You're a sorry liar.
“Special Relationship” is a joke. Judge Wooten has a lot of friends, who know that she, like many others, became one of DA Roach’s targets. She didn’t give in to the bullies and neither did several others. They are the victims and will be the ultimate heroes. DA Roach, Milner, and anyone who aided are the bad guys in this story.
Greg Willis is the best thing that has happened to this County in a while. DA Roach has embarrassed the entire County in order to satisfy his ego. It is time to change the name of the Juvenile Justice Center and eliminate the use of his name. It is time to put all this behind us. It is time to stand up and make sure we put people with good hearts in our positions of power. It is time for people, who know the truth even if it is hidden behind self-interest, to be courageous and stand up. It is amazing that all this has happened and we still have so many that can’t see the truth. Unbelievable!
I am disappointed that this blog is now the host to someone who has a clear agenda and who is more than happy to post something that is nothing but rumor, innuendo and speculation.
I hate that this case has been tried in the media through speculative “news” posts and comments.
I have no inside knowledge of this case.
I believe in our justice system-when all parties are represented by competent ethical counsel and when the judge is truly impartial.
This Judge has done everything in his power to prevent this case from being tried in the media. Unfortunately it appears that the prosecution is not on board with that idea. In preliminary hearings and convenient public filings they have managed to shape this case thanks to receptive media persons.

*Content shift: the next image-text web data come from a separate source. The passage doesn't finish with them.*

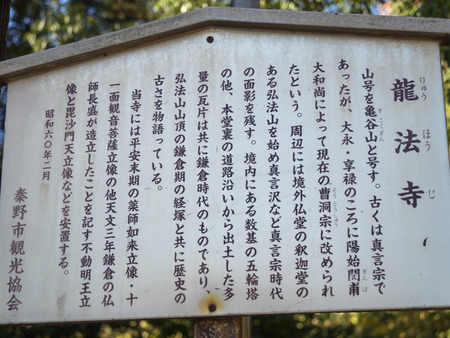 ζˡ��3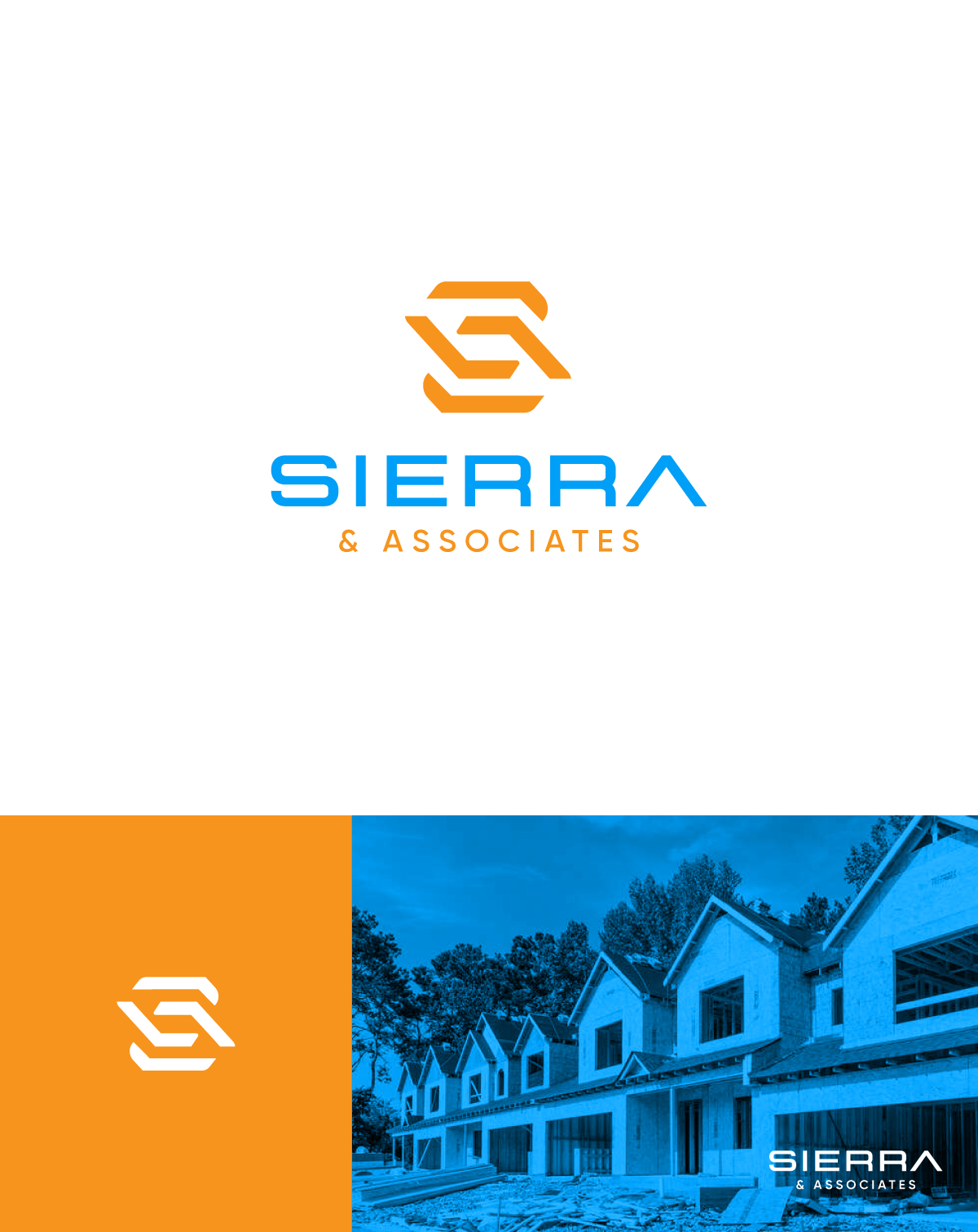 Logo Design by apik. for this project | Design #34272890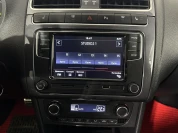 Изображение 11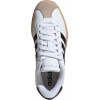 JP5074,Adidas Vl Court Bold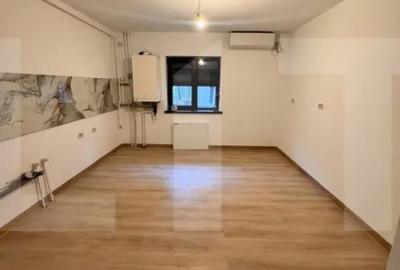 Apartament cu 2 camere decomandat în Central - 4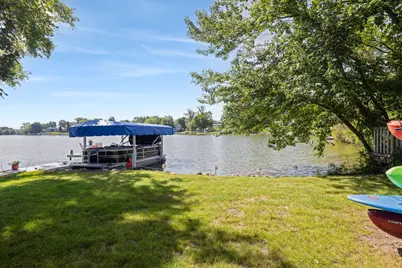 21741  118th St, Salem Lakes, WI 53104 - Photo 12
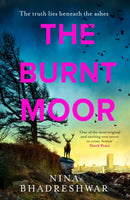 BURNT MOOR_DIANA WALKER2 PB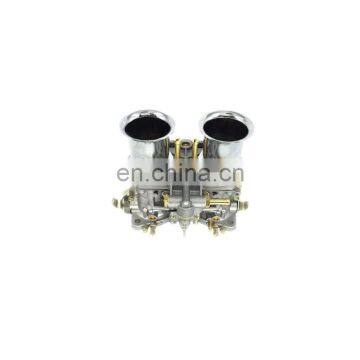 44IDF carburetor 43-1012 with good quality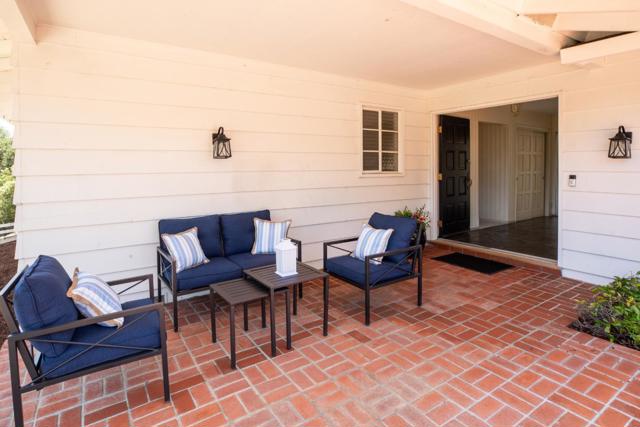 26666 Laurel Lane, Los Altos Hills CA: https://media.crmls.org/mediaz/80c03817-20e6-41f6-919a-cbb0f5ab30cf.jpg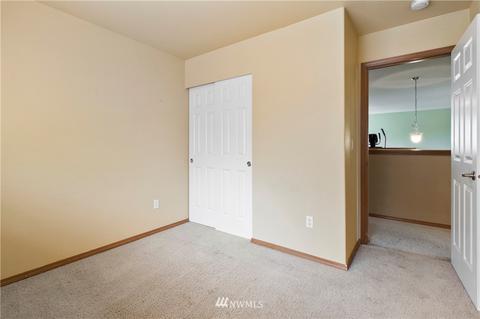 214 Michell Ln NE, Orting, WA 98360 photo 28
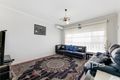 Property photo of 39 Kyabram Street Coolaroo VIC 3048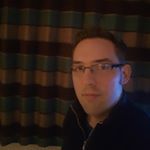 Profile Picture of David Wilcock (@david.wilcock.129) on Instagram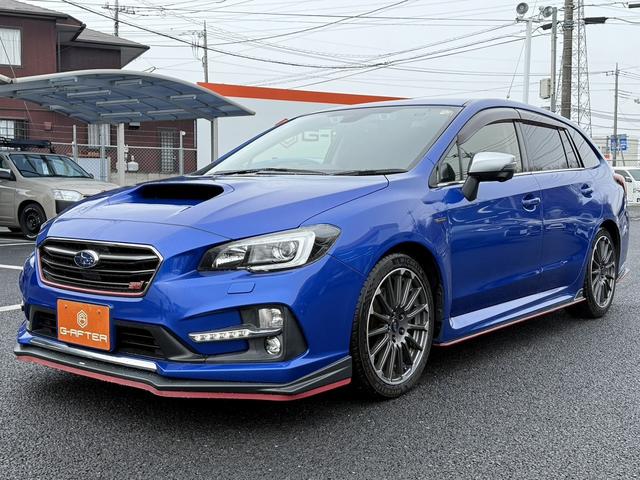 ���Ǝҗl�ւ̔̔��͂��f�肳���Ă��������܂��B�@�Ԍ������ԗ��̏ꍇ�́A�Ԍ����擾�������x�������z�ŕ\�����Ă���܂��B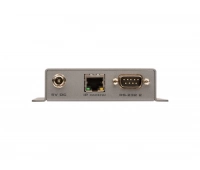 Gefen EXT-IP-2-RS2322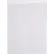Global Industrial™ Resealable Poly Bags, 16"W x 20"L, 1.5 Mil, Clear, 500/Pack
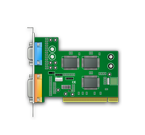 組み込みボードコンピュータ選定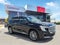 2024 GMC Terrain Denali 4WD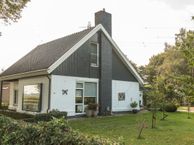 Schoolstraat 15, 7845 TE Holsloot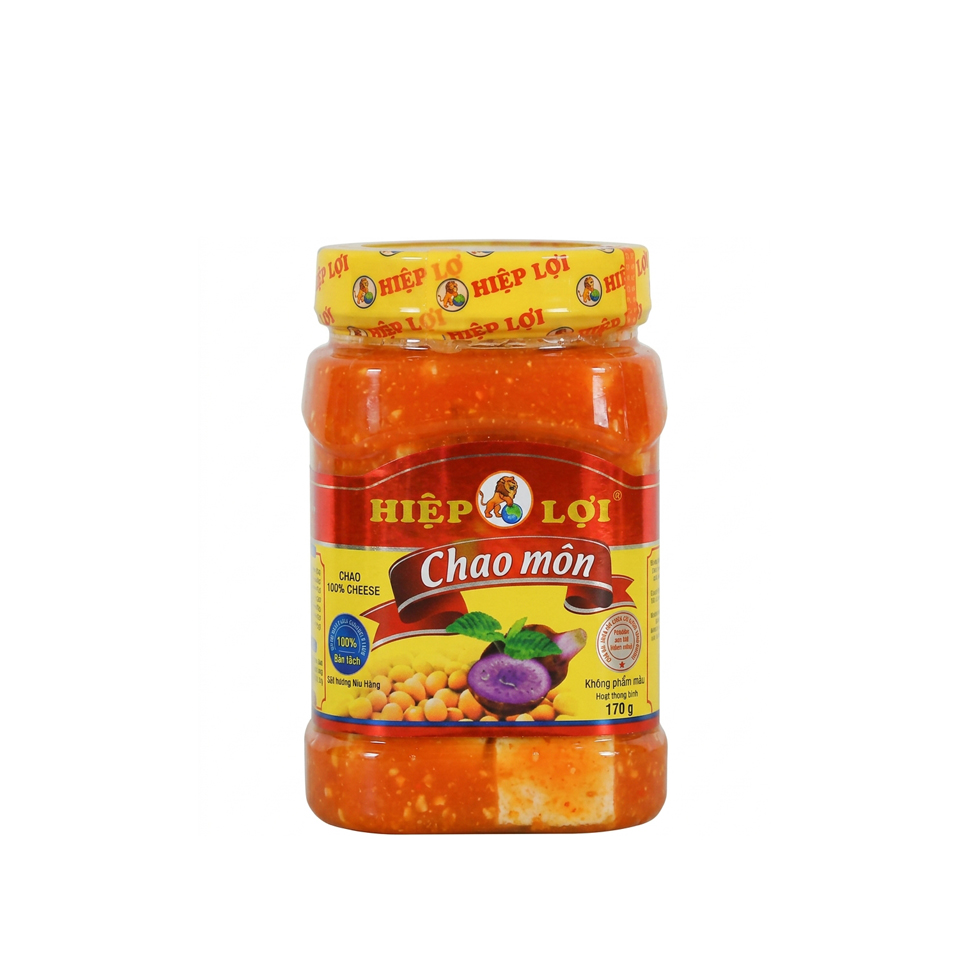 Chao Môn - 170g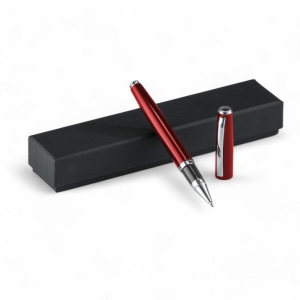 Primo stylo roller 3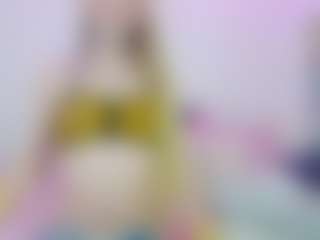 01-Brendaa's Live Sex Cam Show
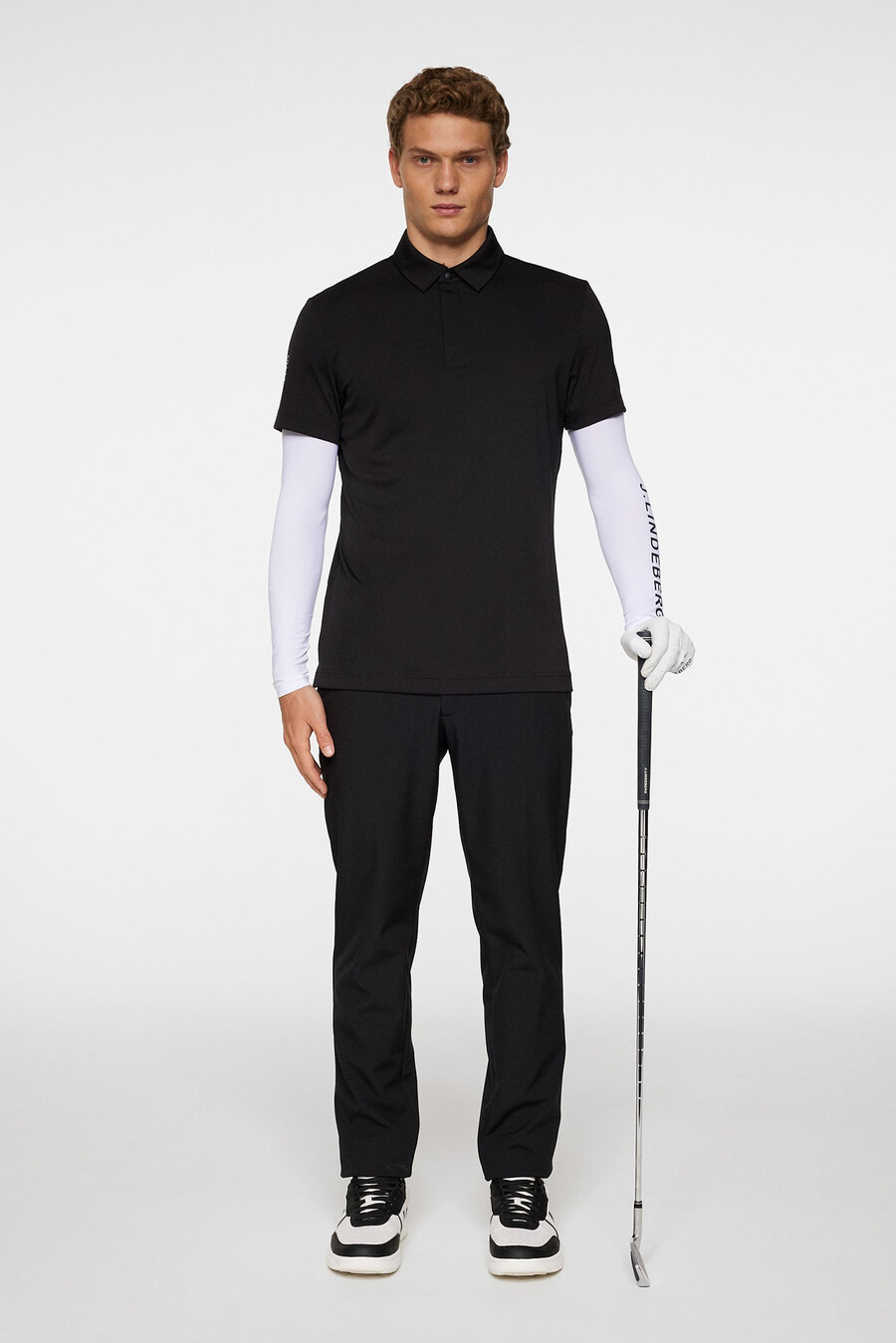 dex polo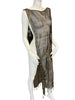 Thumbnail for ANTIQUE 1920´S TABARD DRESS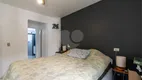 Foto 9 de Apartamento com 3 Quartos à venda, 100m² em Moema, São Paulo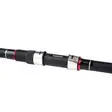 Shimano Sienna HD TEGT Wrap - Ruten - 8717009878616 - 4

The defense has also learned the hard way that the only way to fight back is to follow their lead. It is almost impossible to sit on the sidelines and watch your client being covered with dirt by unethical prosecutors, or others who have a vested interest in the outcome of this case and not try to respond in the only ethical way possible.
I have seen nothing but smoke and mirrors when it comes to the guilt of these people. Why, if the State has a solid case is it necessary to continue to try it in the media?
I have been a lawyer who practices Criminal Law for 33 years. I have been both a prosecutor and a defense attorney. I began my career in Tarrant County under Mr. Tim Curry. He did not believe in using the media as a prosecution tool. I started out with a boss who understood the trust of those who put him in office was one of his most valuable assets. There is a reason he was one of the few District Attorneys in this State who was never defeated. He did not abuse his power-he certainly was not perfect and he made mistakes – but that was one of his strengths. He was imperfect but never arrogant or condescending. (As many who have known me over the years will understand, time has certainly mellowed my opinion of Mr. Curry. I suspect that is because I have had much more experience with those who abuse their office.)
It saddens me that all of the prosecutions begun by the previous District Attorney involving public officials seem to be plagued by such ugliness. I can only hope that when trial comes, the citizens accused will be able to obtain a jury made up of open minded, fair people who have not been tainted by the ugliness represented in the media reports of these cases and the comments which they have generated.
Give it up. You're not fooling anyone around here.
The Collin County Observer amused:
"This really is a bad article. A poor attempt at sensationalist muckraking. Boo."
It's a fact White wants to talk to DA Willis' wife. To point that out is "muckraking?" I believe my analysis of DA Willis' motion is correct. I also believe it is likely Judge Russell will grant his motion and in the same breath reappoint Harry White and Brian Chandler as attorneys pro tem. We will know for sure on the 23rd of Sep.
You wrote an un-called for attack. White and Chandler won't be elected, and whoever gets appointed won't have ties to anybody presently or formerly under investigation and/or indictment.
What Willis is doing is a step in the right direction, and for you to deem otherwise is nonsense.